→ What you need to do
From the line that has "EcoFlow RIVER 2" down to the last line of the data below, set down every line exactly, but none of the pictures.

→ Given records

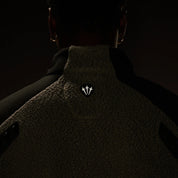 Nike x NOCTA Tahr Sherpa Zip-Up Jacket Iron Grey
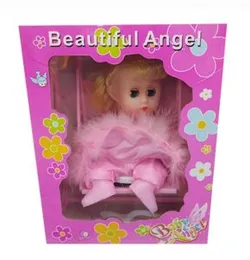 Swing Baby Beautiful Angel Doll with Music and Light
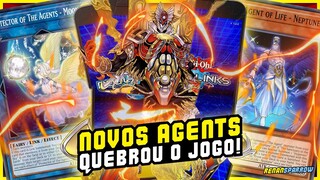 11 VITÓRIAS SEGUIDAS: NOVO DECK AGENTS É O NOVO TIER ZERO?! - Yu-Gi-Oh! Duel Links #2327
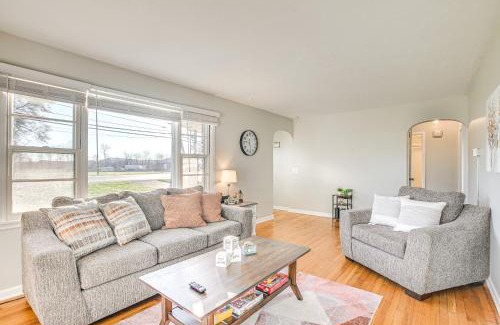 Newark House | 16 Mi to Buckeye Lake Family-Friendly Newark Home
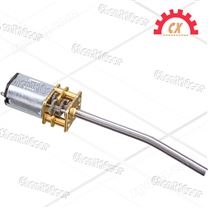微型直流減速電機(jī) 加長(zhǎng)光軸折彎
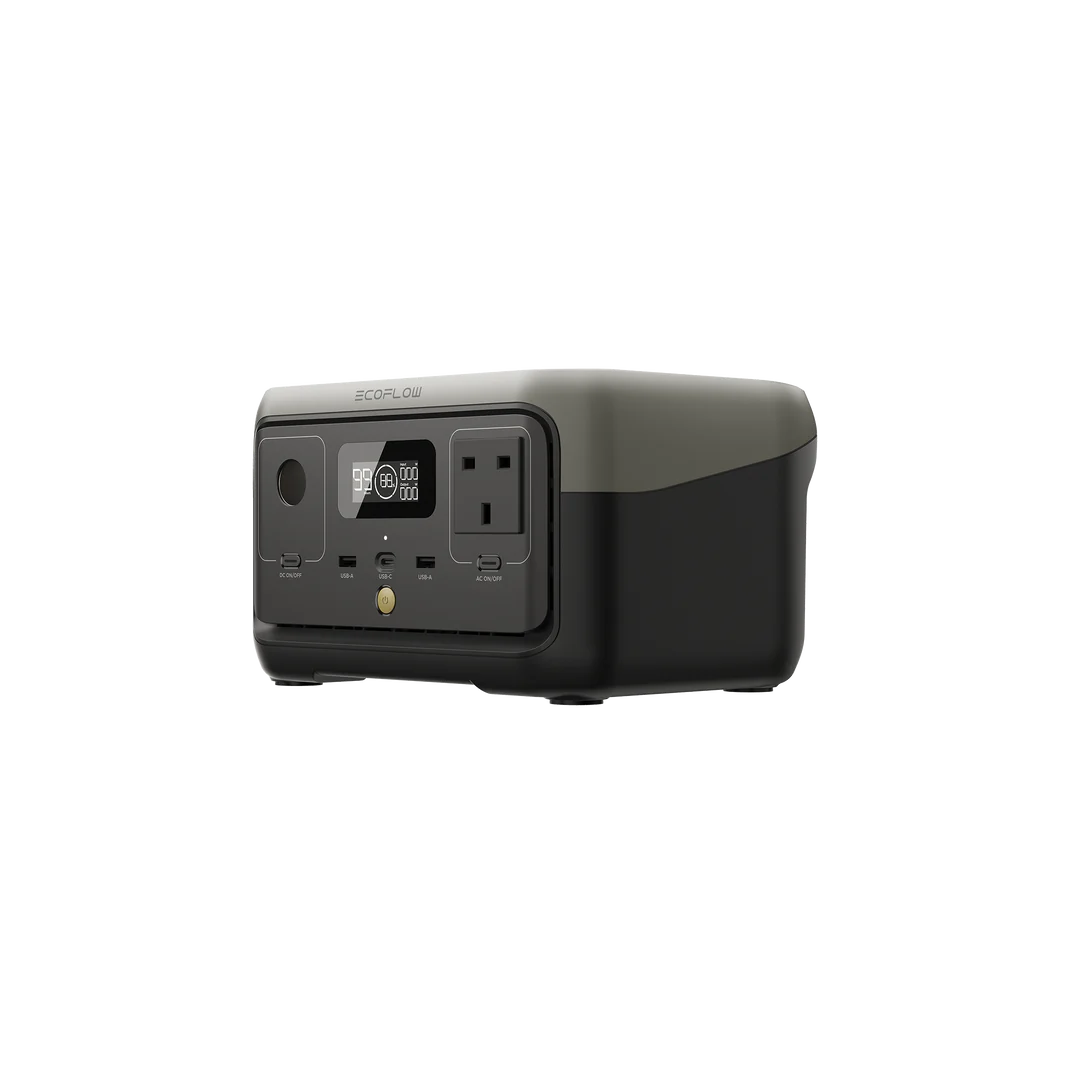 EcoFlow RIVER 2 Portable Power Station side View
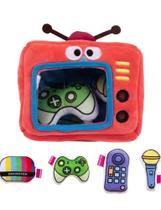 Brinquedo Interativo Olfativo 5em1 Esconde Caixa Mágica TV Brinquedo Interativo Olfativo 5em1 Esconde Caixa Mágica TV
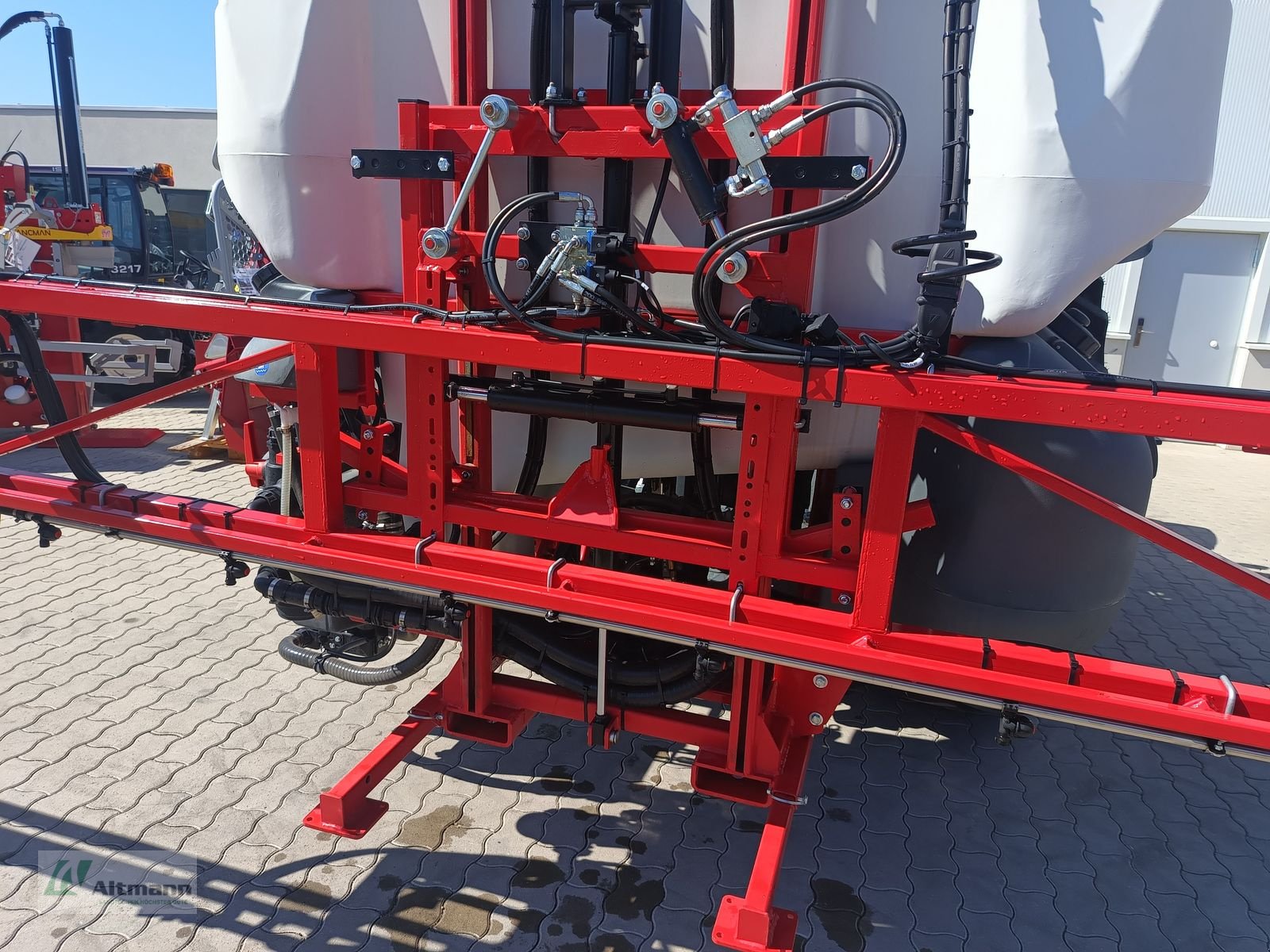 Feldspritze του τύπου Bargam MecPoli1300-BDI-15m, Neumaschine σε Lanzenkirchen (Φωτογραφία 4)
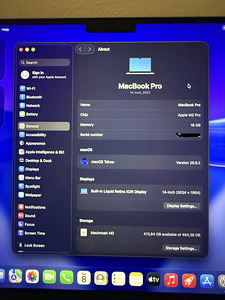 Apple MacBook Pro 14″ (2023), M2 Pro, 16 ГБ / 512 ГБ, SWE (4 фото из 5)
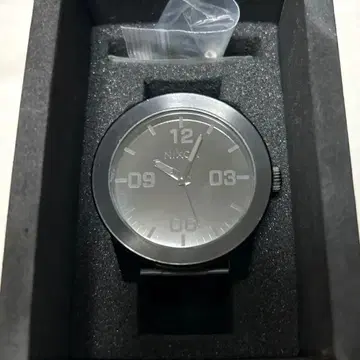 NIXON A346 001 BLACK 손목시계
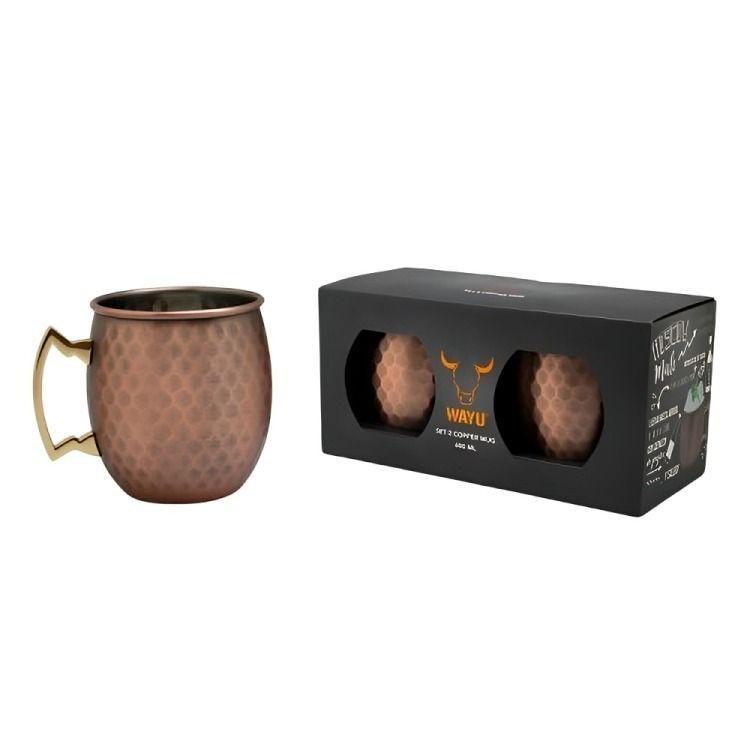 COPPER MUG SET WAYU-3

→ Expected answer
 EcoFlow RIVER 2 Portable Power Station side View
 Brinquedo Interativo Olfativo 5em1 Esconde Caixa Mágica TV Brinquedo Interativo Olfativo 5em1 Esconde Caixa Mágica TV
 Feldspritze του τύπου Bargam MecPoli1300-BDI-15m, Neumaschine σε Lanzenkirchen (Φωτογραφία 4)
 Apple MacBook Pro 14″ (2023), M2 Pro, 16 ГБ / 512 ГБ, SWE (4 фото из 5)
 NIXON A346 001 BLACK 손목시계
 COPPER MUG SET WAYU-3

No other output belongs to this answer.